A “Customer” is a person or legal entity that has executed an Order Form (as defined below). (Customer and Paramify are referred to collectively herein as the “parties” and individually as a “party”). This Agreement is effective as of the earlier of (i) Customer’s initial use of the Product; or (ii) the effective date set forth in the order form or other agreement (“Order Form”) pursuant to which Customer has agreed to access the Product on a subscription basis (such date, the “Effective Date”).

The Product is protected by copyright laws and international copyright treaties, as well as other intellectual property laws and treaties. This Agreement is also subject to the provisions of Paramify’s Data Processing Agreement (“DPA”).

1. PRODUCT ACCESS

1.1. Provision of the Product. For a set term as set forth on the Order Form (“Contract Term”), and subject to Customer’s payment of all applicable Fees (defined below), Paramify hereby grants Customer a limited, nonexclusive, nontransferable, non-sublicensable, revocable right to access and use the Product on a subscription basis solely for the purposes described in this Agreement. Any access, use, or attempted access or use of the Product other than as expressly permitted in the Agreement is a material breach of this Agreement.

1.2. Accounts. In order to access and use certain features of the Product, Customer must register for an account (“Account”). Use of and access to the Product, in whole or in part, is permitted to those persons designated by Customer pursuant to the terms of this Agreement (“Permitted Users”). If Customer is given login information to access the Product, Customer shall require that all Permitted Users keep user ID and login information strictly confidential and not share such information with any unauthorized person. Customer is responsible for maintaining the confidentiality of its Account login information and is fully responsible for Permitted User activities that occur under the Customer’s Account.
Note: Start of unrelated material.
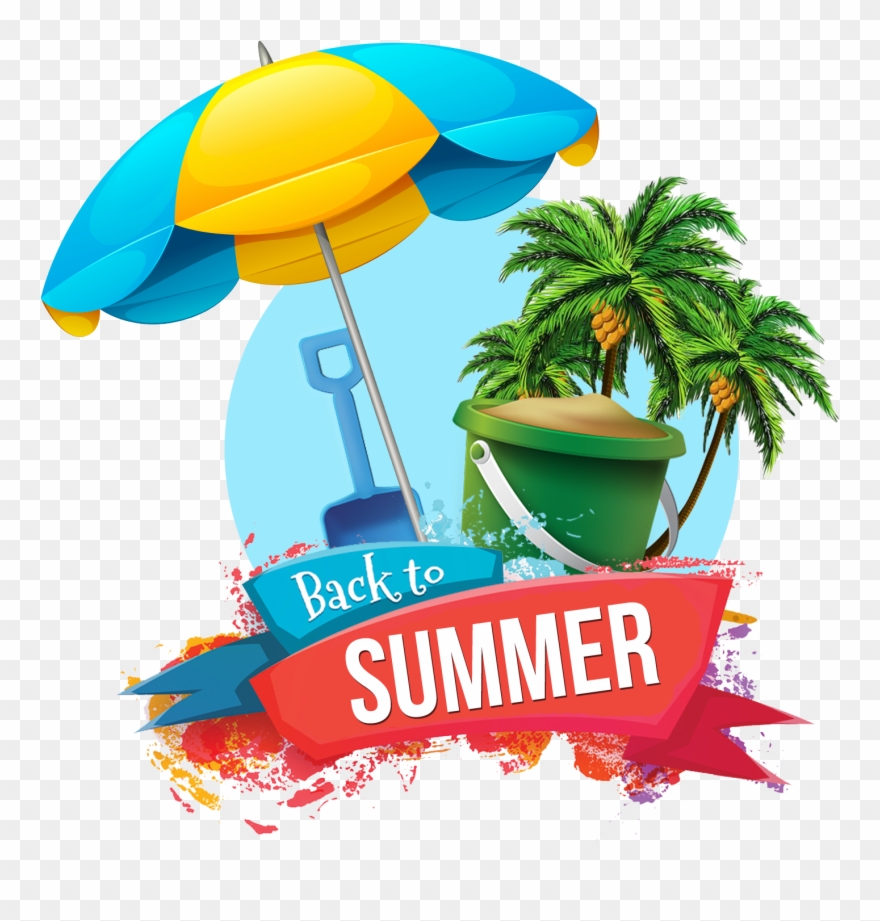 Vector Transparent Summer Png Clipart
1.3. Account Access. Customer acknowledges that while the security of Customer’s Account will be maintained through the use of logical authentication mechanisms, it is possible for Customer’s Account to be accessed by unauthorized third parties via communication between Customer and Paramify using the internet, other network communications, facilities, telephone, or other electronic means. Customer may permit its independent contractors and consultants who are not competitors of Paramify (“Contractors”) and Affiliates (as defined below) to serve as Permitted Users, provided Customer remains responsible for compliance. “Affiliate” means any entity under the control of Customer where “control” means ownership of or the right to control greater than 50% of the voting securities of such entity.

1.4. General Restrictions. Customer shall not:

  • (a) rent, lease, copy, sell, outsource, provide access to or sublicense the Product to a third party;
  • (b) reverse engineer, decompile, disassemble, decipher, or otherwise seek to obtain the source code;
  • (c) modify the Product or create any derivative product;
  • (d) remove or obscure any product identification or copyright notices;
  • (e) incorporate the Product into any other offering;
  • (f) publicly disseminate information regarding the performance of the Product.

1.5. Enterprise Risk Management and Legal Advice. Customer hereby acknowledges and agrees that any information provided to the Customer is not developed or provided by Paramify as either legal or enterprise risk management or information security advice. The Product and content are intended to be used by the Customer for document management purposes only.

2. CUSTOMER DATA

2.1. Generally. “Customer Data” means any information or other data of any type which is provided by Customer to Paramify in connection with providing the Product. Customer is solely responsible for the accuracy, content and legality of all Customer Data.

2.2. Use of Customer Data. Customer represents and warrants to Paramify that Customer has sufficient rights in the Customer Data to authorize Paramify to process, distribute and display the Customer Data as contemplated by this Agreement.

2.3. Rights in Customer Data. As between the parties, Customer shall retain all right, title, and interest in and to the Customer Data. Customer grants to Paramify a non-exclusive, worldwide, royalty-free right to use, copy, store, transmit, modify, and display the Customer Data solely to the extent necessary to provide the Product.

3. OWNERSHIP

3.1. This is a subscription agreement for use of the Product and not an agreement for sale. Paramify or its suppliers retain all right, title and interest in and to the Product, Documentation, and any related underlying software (collectively, “Paramify Technology”).